**What you are asked to do**
Would you copy the lines below exactly and omit the images?

*** Recorded information Section Begins ***

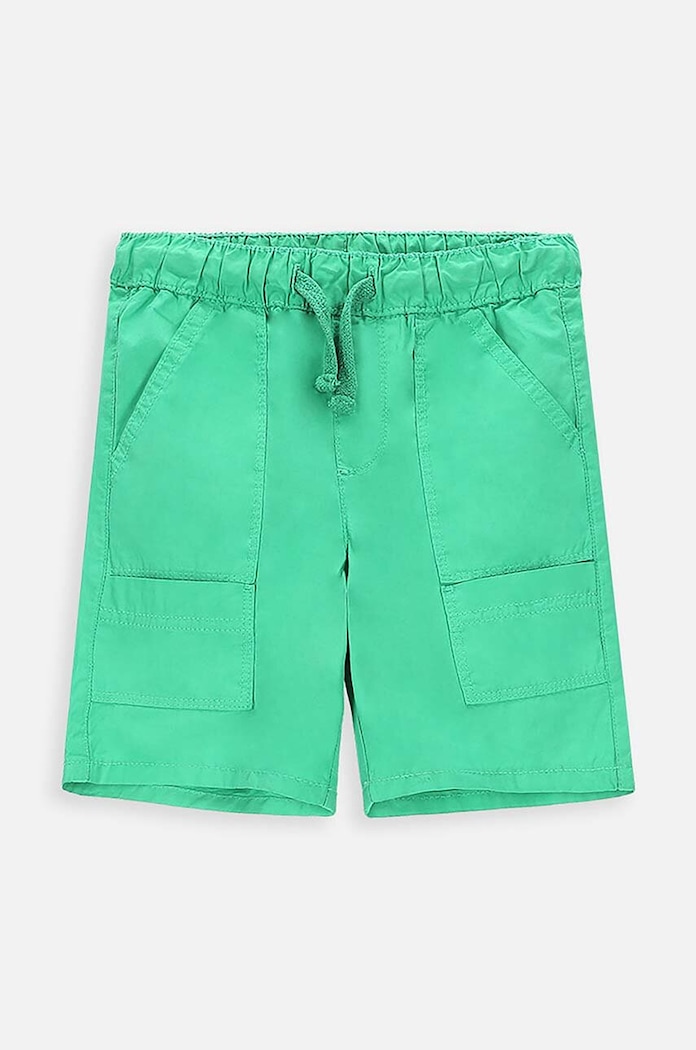 Παιδικό βαμβακερό σορτς Coccodrillo casual πράσινο WC4119502DWK
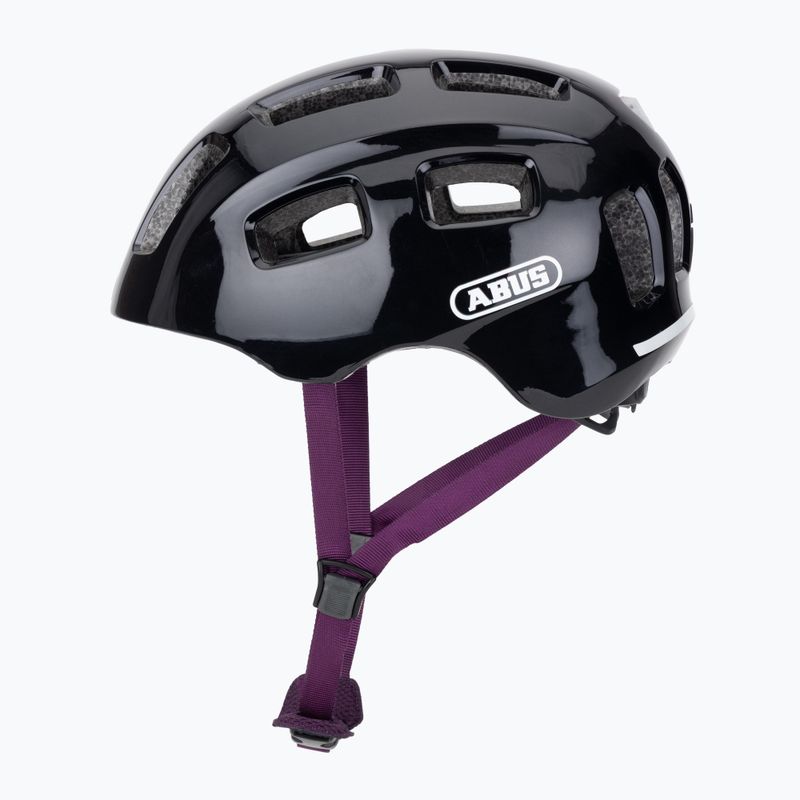 Детска велосипедна каска ABUS Youn-I 2.0 black violet 3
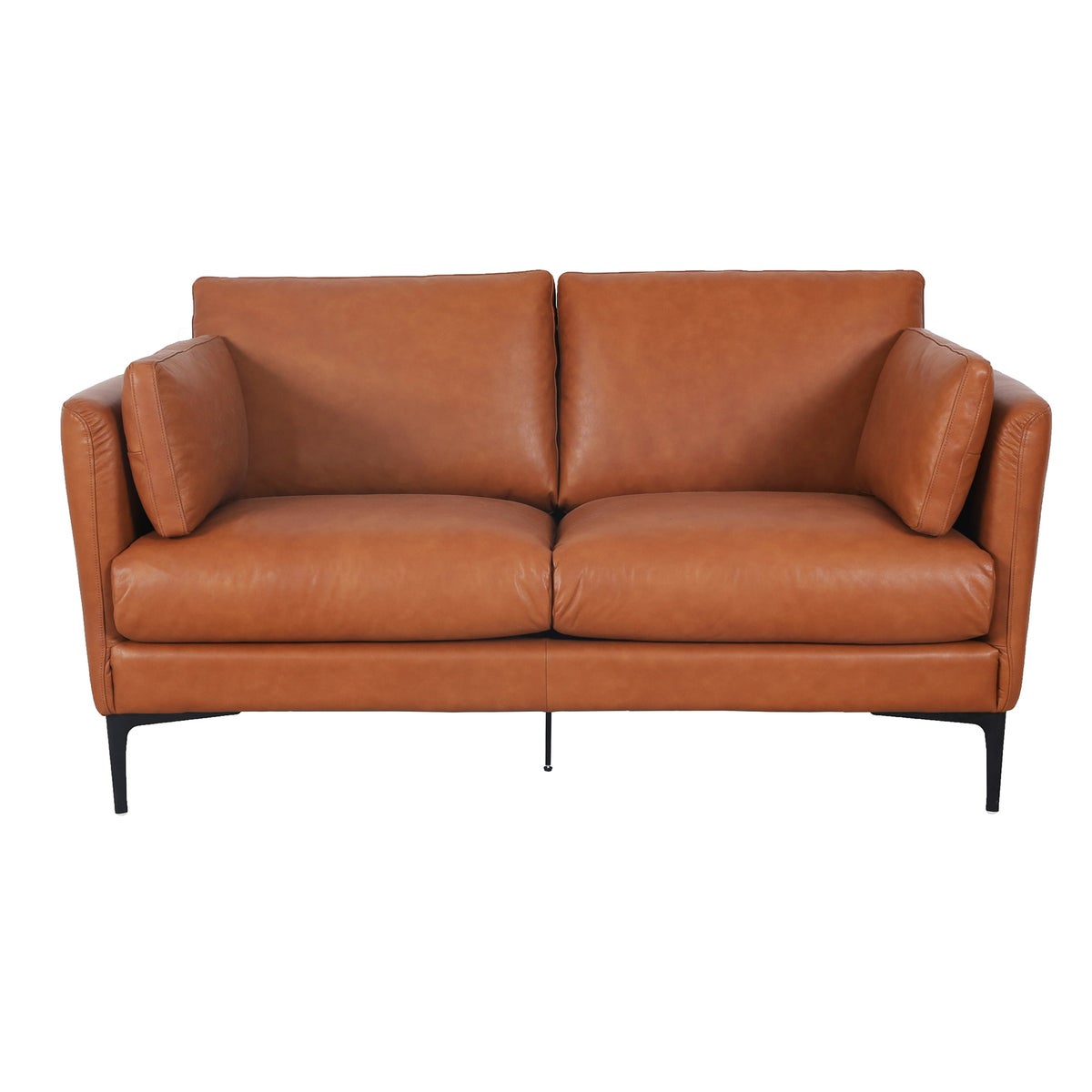 Kava Top-Grain Leather Sofa & Loveseat, Brown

*** Recorded information Section Ends ***

**Answer box**
 Παιδικό βαμβακερό σορτς Coccodrillo casual πράσινο WC4119502DWK
 Детска велосипедна каска ABUS Youn-I 2.0 black violet 3
 Kava Top-Grain Leather Sofa & Loveseat, Brown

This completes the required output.